For Olivia
In 1975 I was hired to teach sixth grade in an elementary school in a small West Virginia town. I had just finished my first year of teaching, if you could call it that, and was desperate to find out if the problem was with the students – or me. Of course I already knew the answer, but I had to make one more go of it. How could I tell my parents that their college graduate was not cut out to be a teacher? Fortunately it was that year that I met Olivia Oldster (not her real name).
Olivia had begun teaching in the ‘30s and constantly demonstrated to her colleagues that we were not doing enough. When I complained that the furnace in my room was not working, she would remind me that she had taught in a one-room school where she and her students had huddled around a potbellied stove, fueled with logs she had cut prior to their arrival. When I mentioned it took me over an hour to get home each evening, she would reminisce about her days in the mountains and the times when neither she nor her students could get home due to a blocked road or bad weather. She had done it all, and I felt young and inexperienced. Maybe that was because I was young and inexperienced.
During the next four years, I became a better teacher due to Olivia’s influence. Like Mark Twain’s father, Olivia got smarter as I got older. Subsequently I was asked to join the staff of a new middle school and left the elementary school for another area. I never saw Olivia again, but I never forgot her words of wisdom.
Thirty-seven years have passed. It may sound strange, but I can hear her voice coming out of my mouth when I begin to recall where I was when John Kennedy was assassinated, Richard Nixon resigned, disco was cool, the Berlin Wall fell, the Gulf War ended, the Challenger exploded, and the New York Trade Center was attacked. I can hear her when I explain to younger teachers that education is not about getting rid of the old ways, but retrieving whatever is worthy, adding it to the new, and applying it to one’s life to make it better.
The following is a work that I feel sums up Olivia’s philosophy of life. And while I cannot speak for our Lord and Savior, I think He would approve. Read it slowly. Read it more than once. Read it until in your heart you have rung out the unworthy and rung in the love of Jesus Christ.
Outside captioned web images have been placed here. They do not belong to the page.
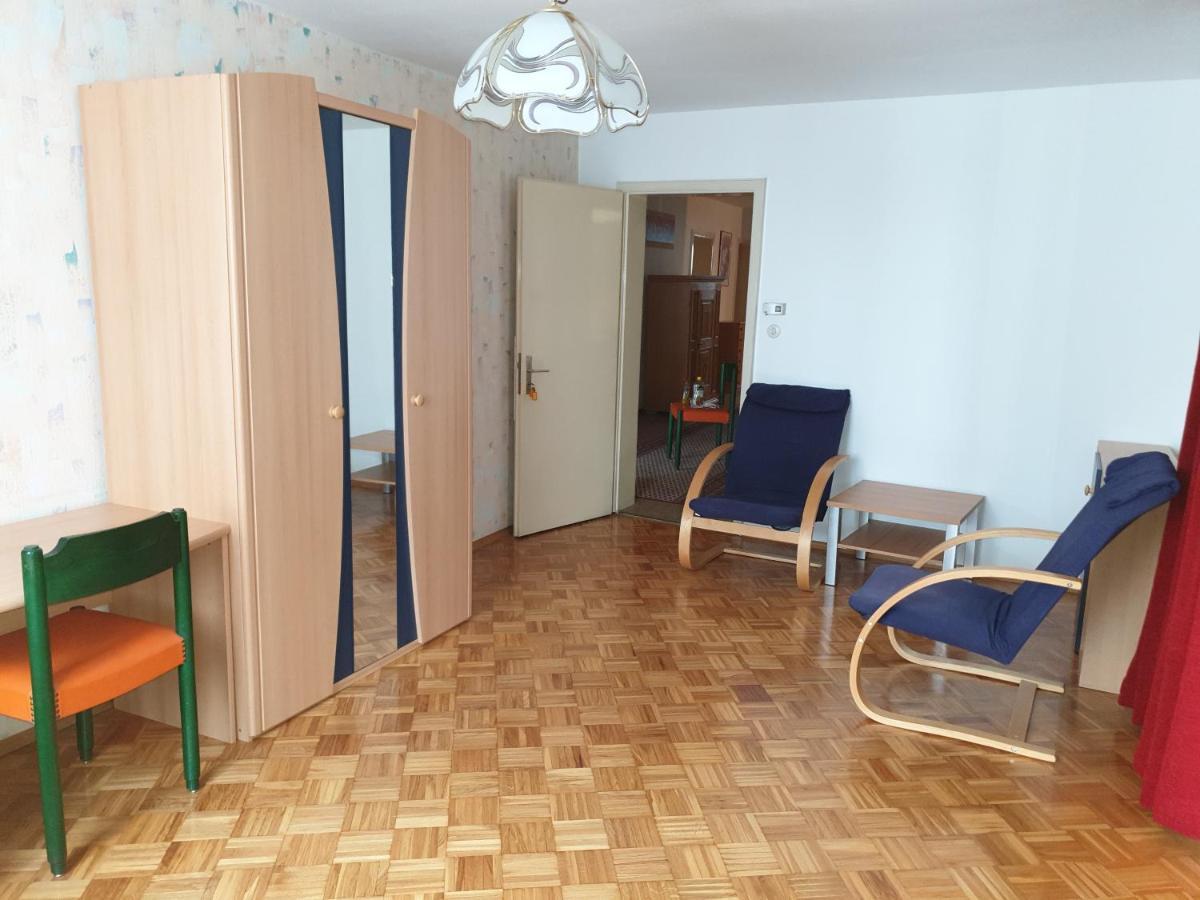 Pension Engel Hotel Pfullendorf Bagian luar foto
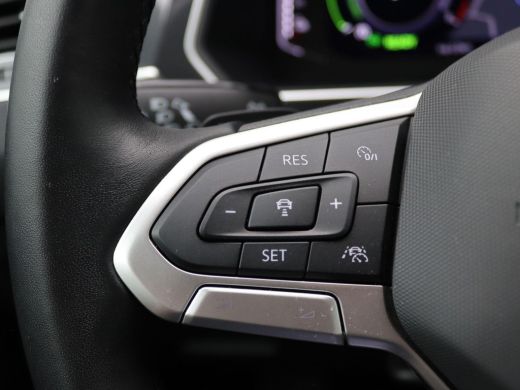Volkswagen Tiguan 1.5 TSI e-hybrid Life Business 245PK DSG Led koplampen, adaptive cruise met travel assist, side a... ActivLease financial lease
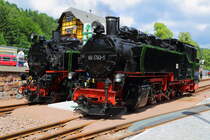 99 1793 und 99 1734 am 17.06.2017 am Wasserkran im Bahnhof Kurort Kipsdorf. Nach dem Wasserfassen werden sie den zuvor hierhergebrachten Eröffnungszug für den Streckenabschnitt Dippoldiswalde - Kurort Kipsdorf der Weißeritztalbahn, inklusive des Fotografen, als ersten Planzug zurück nach Freital-Hainsberg befördern. (Bild 2)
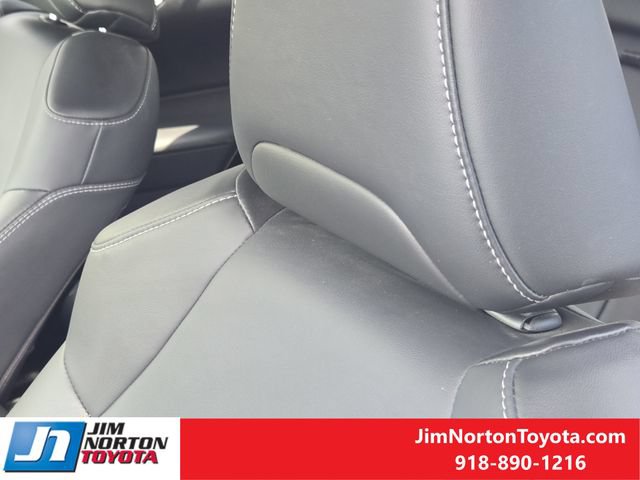 Used 2025 Toyota RAV4 XLE Premium AWD/4WD image 17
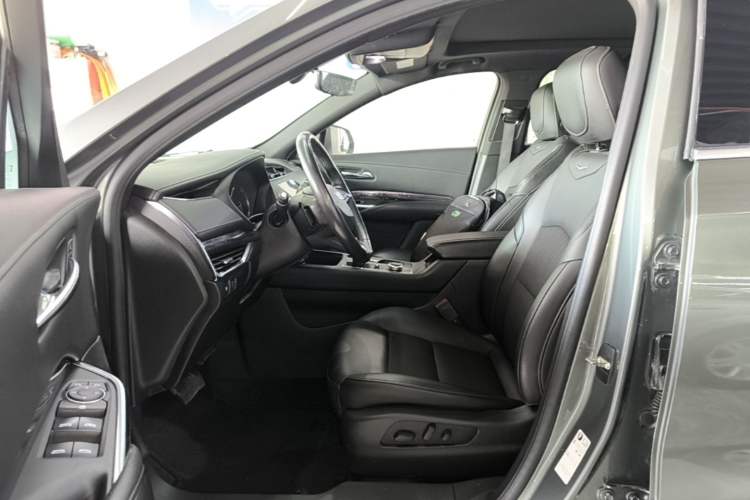 Used Cadillac XT4 2018 28T Two-Wheel Drive Tech Version Driver Seat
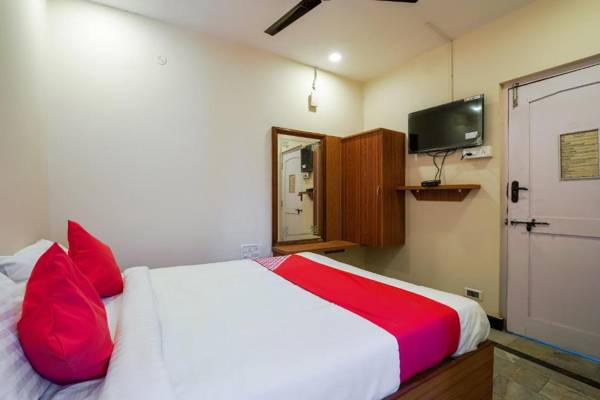 OYO 49253 Raja Residency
Christmas and the New Year Bells
Alfred Tennyson
The time draws near the birth of Christ;
The moon is hid; the night is still;
The Christmas bells from hill to hill
Answer each other in the mist.
Four voices of four hamlets round,
From far and near, on mead and moor,
Swell out and fail, as if a door
Were shut between me and the sound:
Each voice four changes on the wind,
That now dilate, and now decrease,
Peace and goodwill, goodwill and peace,
Peace and goodwill, to all mankind.
This year I slept and woke with pain,
I almost wish’d no more to wake,
And that my hold on life would break
Before I heard those bells again:
But they the troubled spirit rule,
For they controll’d me when a boy;
They bring me sorrow touch’d with joy,
The merry, merry bells of Yule.
Ring out, wild bells, to the wild sky,
The flying cloud, the frosty light:
The year is dying in the night;
Ring out, wild bells, and let him die.
Ring out the old, ring in the new,
Ring, happy bells, across the snow:
The year is going, let him go;
Ring out the false, ring in the true.
Ring out the grief that saps the mind,
For those that here we see no more;
Ring out the feud of rich and poor,
Ring in redress to all mankind.
Ring out a slowly dying cause,
And ancient forms of party strife;
Ring in the nobler modes of life,
With sweeter manners,purer laws.
Ring out the want, the care, the sin,
The faithless coldness of the times;
Ring out, ring out my mournful rhymes,
But ring the fuller minstrel in.
Ring out false pride in place and blood,
The civic slander and the spite;
Ring in the love of truth and right,
Ring in the common love of good.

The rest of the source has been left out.